Blueinfy's blog: [Case Study] Threat Simulation of AI Agents in Microsoft Copilot Studio

Executive Summary

Blueinfy performed a focused, time-bound security review of Microsoft Copilot Studio and its implementation at ACME to assess the potential risks introduced by AI agents.

The objective of the engagement was to evaluate how AI agents both legitimate and malicious could be misused, intentionally or unintentionally, to

Access sensitive enterprise data
Expose user specific information
Perform unauthorized actions
Enable data exfiltration

The assessment combined configuration review with hands on threat simulation, where custom agents were built to replicate realistic attack scenarios as well as instructions were passed to exploit legitimate agents. The results demonstrated that even with platform level controls enabled, significant risks can persist due to configuration gaps, excessive permissions, and agent behavior manipulation.
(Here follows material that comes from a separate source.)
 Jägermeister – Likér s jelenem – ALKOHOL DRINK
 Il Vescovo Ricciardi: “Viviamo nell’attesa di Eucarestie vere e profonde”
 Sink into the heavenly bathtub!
The environments given for testing had pre-configured policies and controls applied prior to the assessment. The scope included -

AI agent configuration within Microsoft Copilot Studio
Data access patterns through agents
Connector usage and restrictions
Guardrails and safety configurations
Threat simulation using custom-built agents

Assessment Methodology

Blueinfy adopted a structured methodology combining configuration validation and adversarial testing.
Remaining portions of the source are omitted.